# [Task item]
Retype the listing below line for line, but only from the line with "And then a brand" down to the line with "Make sure to", inclusive. Pictures stay out.

### Input data

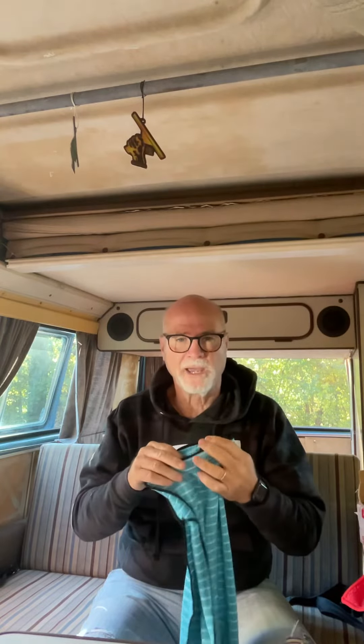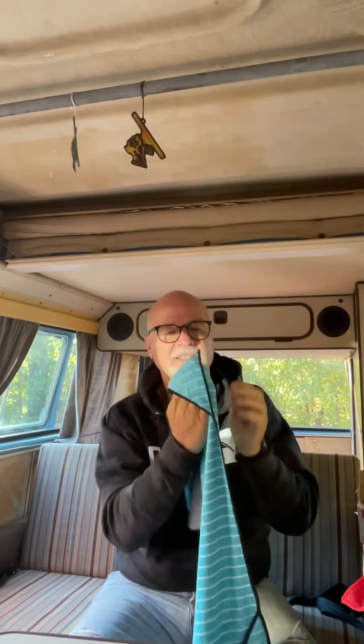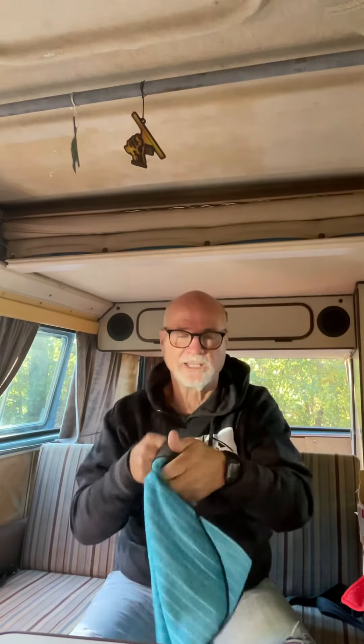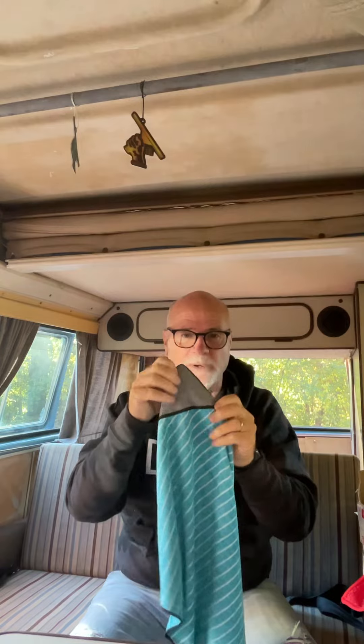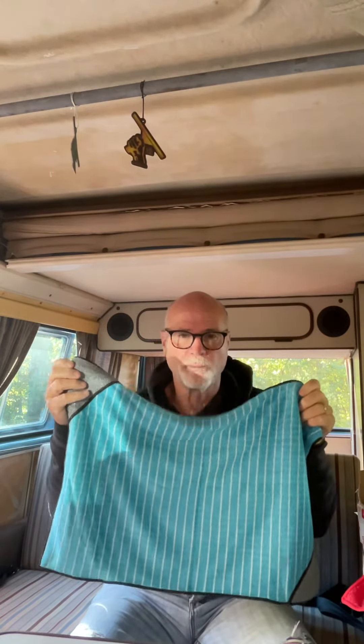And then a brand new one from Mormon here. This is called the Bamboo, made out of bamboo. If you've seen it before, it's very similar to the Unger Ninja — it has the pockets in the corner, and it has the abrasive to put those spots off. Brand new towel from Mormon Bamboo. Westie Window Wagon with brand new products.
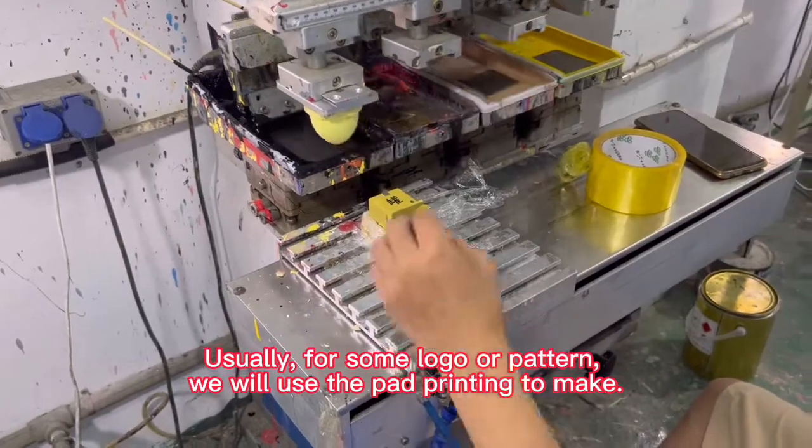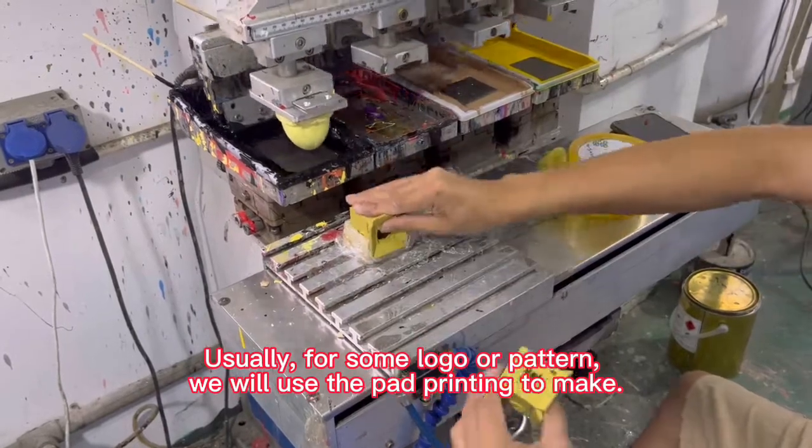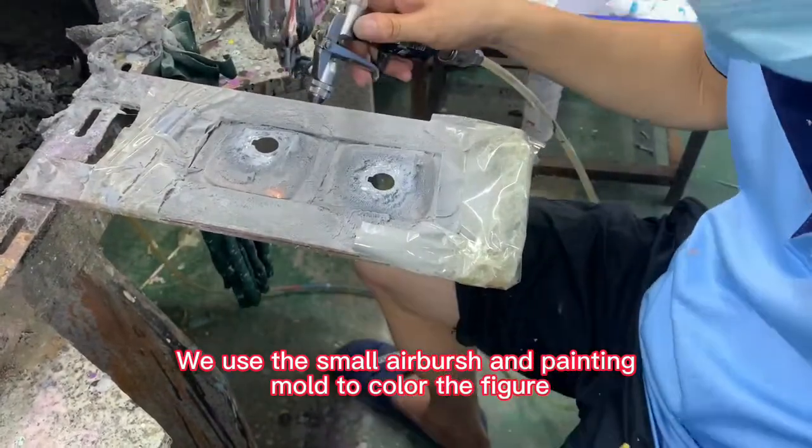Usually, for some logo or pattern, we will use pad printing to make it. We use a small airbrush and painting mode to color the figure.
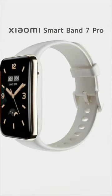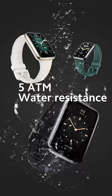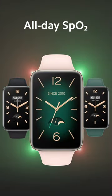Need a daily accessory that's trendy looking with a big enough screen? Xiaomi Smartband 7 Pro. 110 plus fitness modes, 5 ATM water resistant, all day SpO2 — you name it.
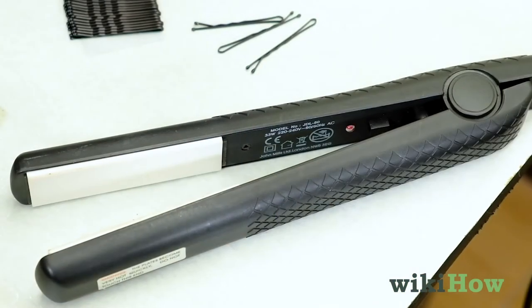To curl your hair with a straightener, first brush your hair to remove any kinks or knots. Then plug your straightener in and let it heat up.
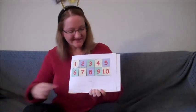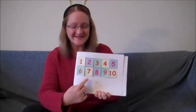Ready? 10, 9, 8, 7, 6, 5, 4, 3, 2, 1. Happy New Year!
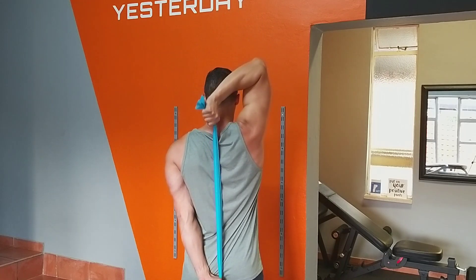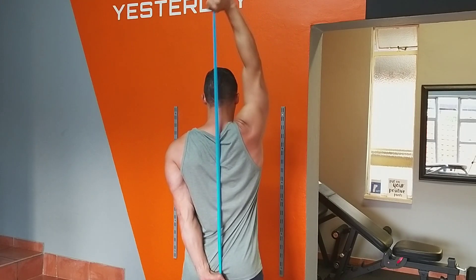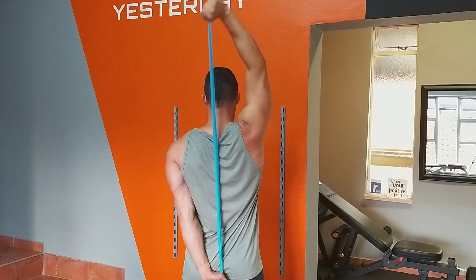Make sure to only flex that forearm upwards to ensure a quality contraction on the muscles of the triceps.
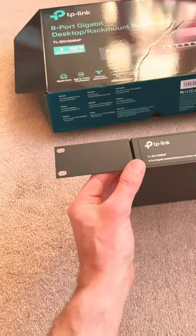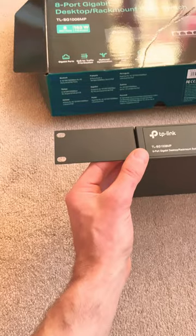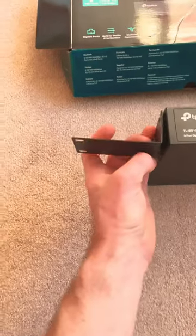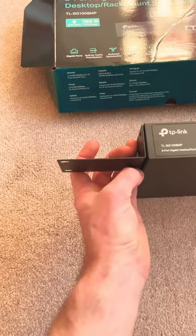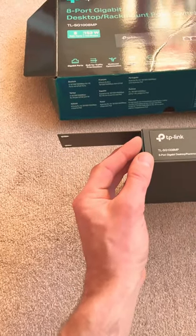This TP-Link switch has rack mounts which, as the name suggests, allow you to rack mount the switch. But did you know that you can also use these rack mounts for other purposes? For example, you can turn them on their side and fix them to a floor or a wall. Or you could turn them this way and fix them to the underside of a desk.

######
### Input data

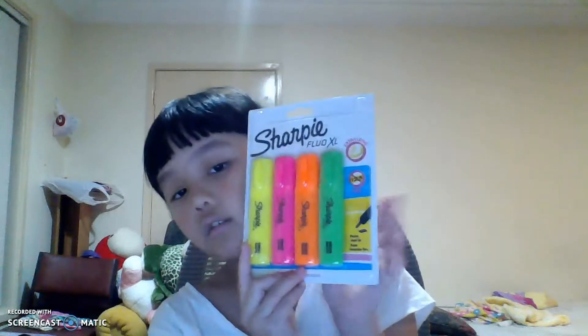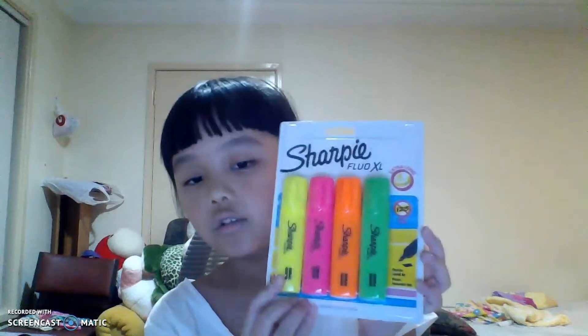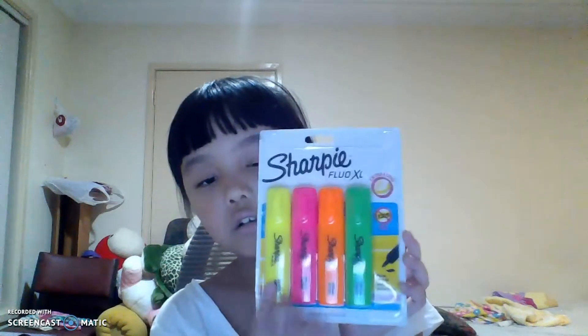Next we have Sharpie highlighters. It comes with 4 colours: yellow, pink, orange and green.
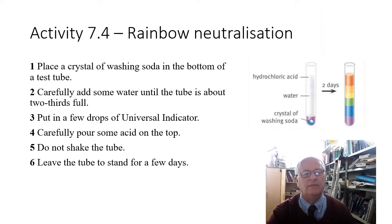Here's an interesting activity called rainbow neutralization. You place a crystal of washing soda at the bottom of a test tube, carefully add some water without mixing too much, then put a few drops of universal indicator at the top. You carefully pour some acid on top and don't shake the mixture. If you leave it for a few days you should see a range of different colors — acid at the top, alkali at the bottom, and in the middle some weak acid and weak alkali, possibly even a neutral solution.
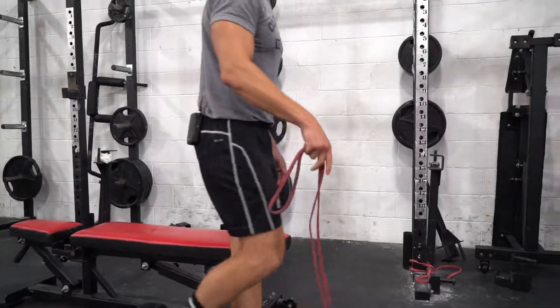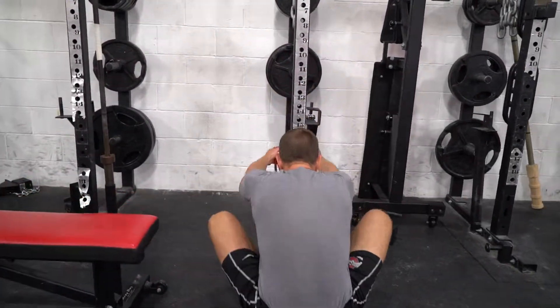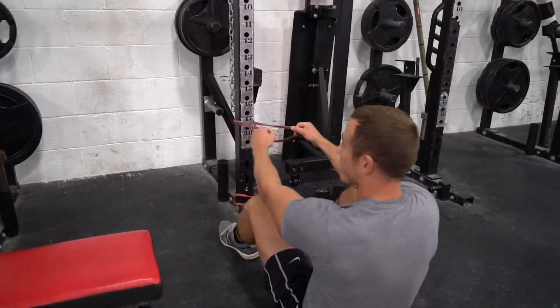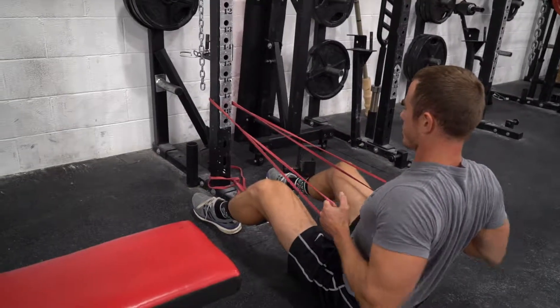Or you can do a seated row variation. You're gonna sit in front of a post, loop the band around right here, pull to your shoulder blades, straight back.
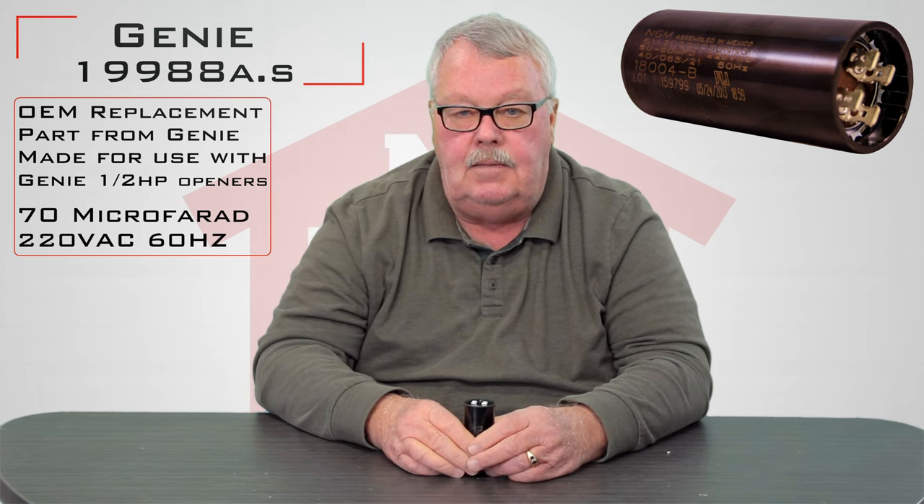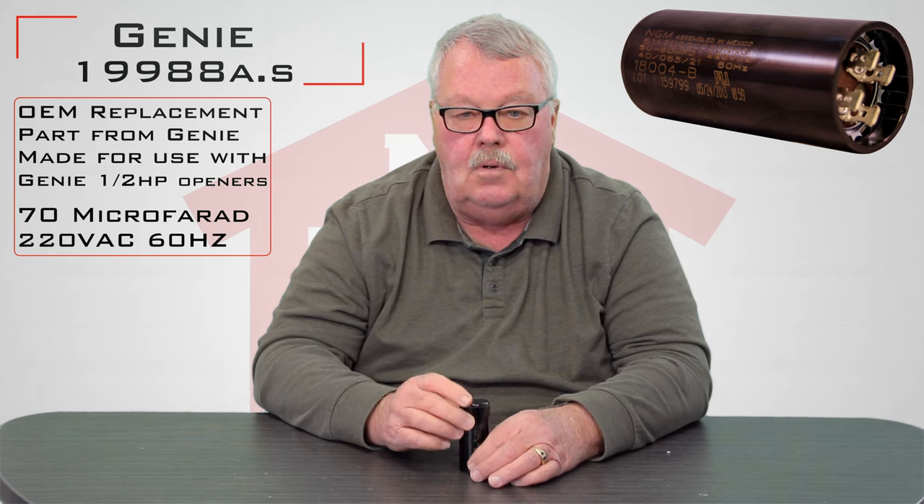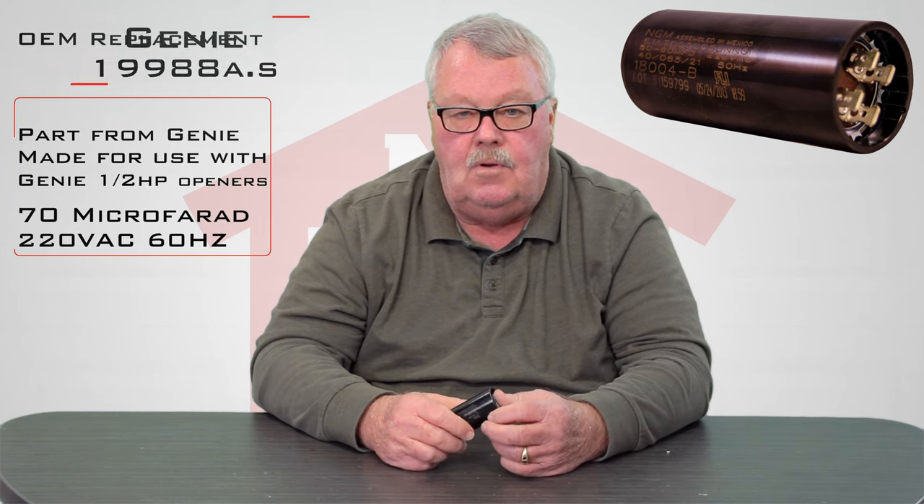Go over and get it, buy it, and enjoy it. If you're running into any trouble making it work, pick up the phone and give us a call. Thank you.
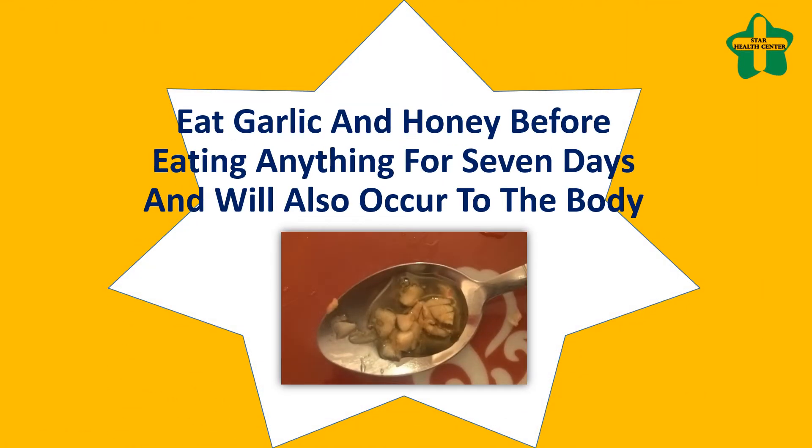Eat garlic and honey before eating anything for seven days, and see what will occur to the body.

######
### Input data

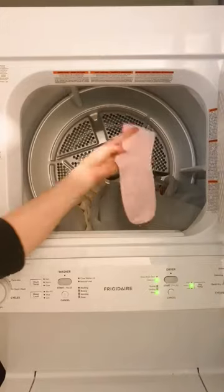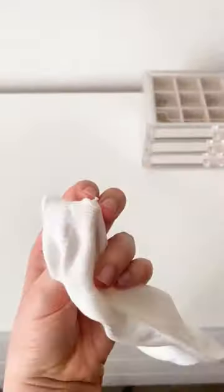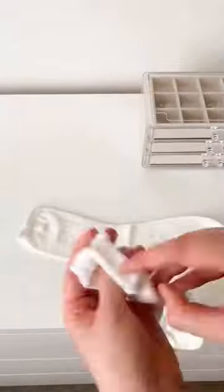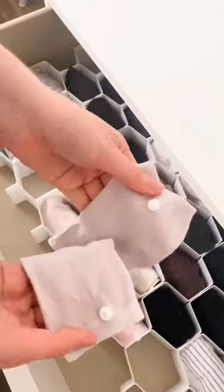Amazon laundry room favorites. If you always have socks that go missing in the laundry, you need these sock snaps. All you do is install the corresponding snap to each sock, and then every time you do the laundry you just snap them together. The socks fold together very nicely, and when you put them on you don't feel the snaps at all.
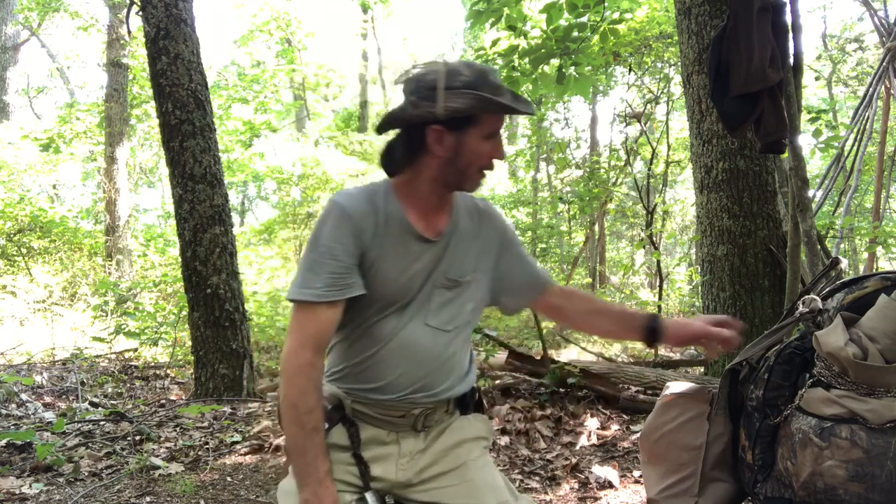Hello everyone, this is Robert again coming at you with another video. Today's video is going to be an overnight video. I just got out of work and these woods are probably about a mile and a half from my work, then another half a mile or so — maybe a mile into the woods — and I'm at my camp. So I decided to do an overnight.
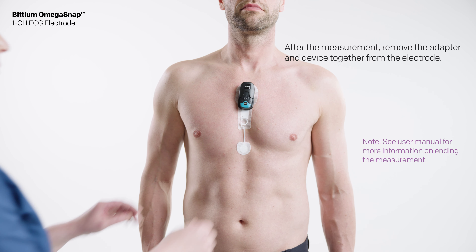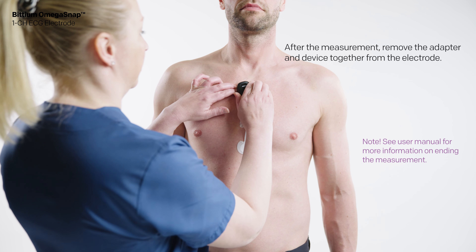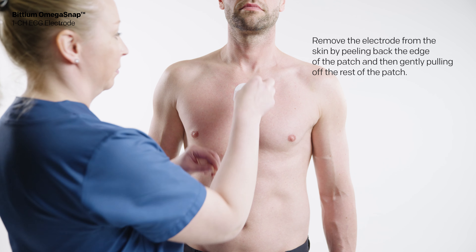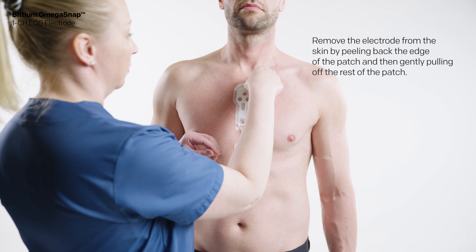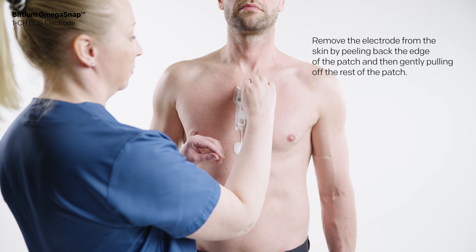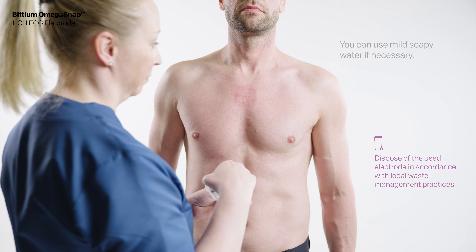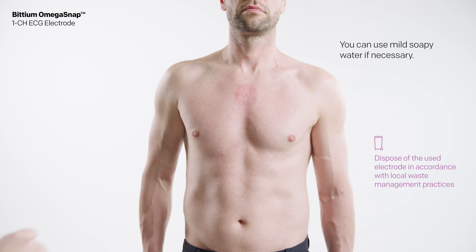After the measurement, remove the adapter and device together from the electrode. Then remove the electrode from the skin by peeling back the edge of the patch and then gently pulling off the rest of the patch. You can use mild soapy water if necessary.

######

# [Solution]
And then a brand new one from Mormon here. This is called the Bamboo, made out of bamboo. If you've seen it before, it's very similar to the Unger Ninja — it has the pockets in the corner, and it has the abrasive to put those spots off. Brand new towel from Mormon Bamboo. Westie Window Wagon with brand new products.
Usually, for some logo or pattern, we will use pad printing to make it. We use a small airbrush and painting mode to color the figure.
Need a daily accessory that's trendy looking with a big enough screen? Xiaomi Smartband 7 Pro. 110 plus fitness modes, 5 ATM water resistant, all day SpO2 — you name it.
To curl your hair with a straightener, first brush your hair to remove any kinks or knots. Then plug your straightener in and let it heat up.
Ready? 10, 9, 8, 7, 6, 5, 4, 3, 2, 1. Happy New Year!
Make sure to only flex that forearm upwards to ensure a quality contraction on the muscles of the triceps.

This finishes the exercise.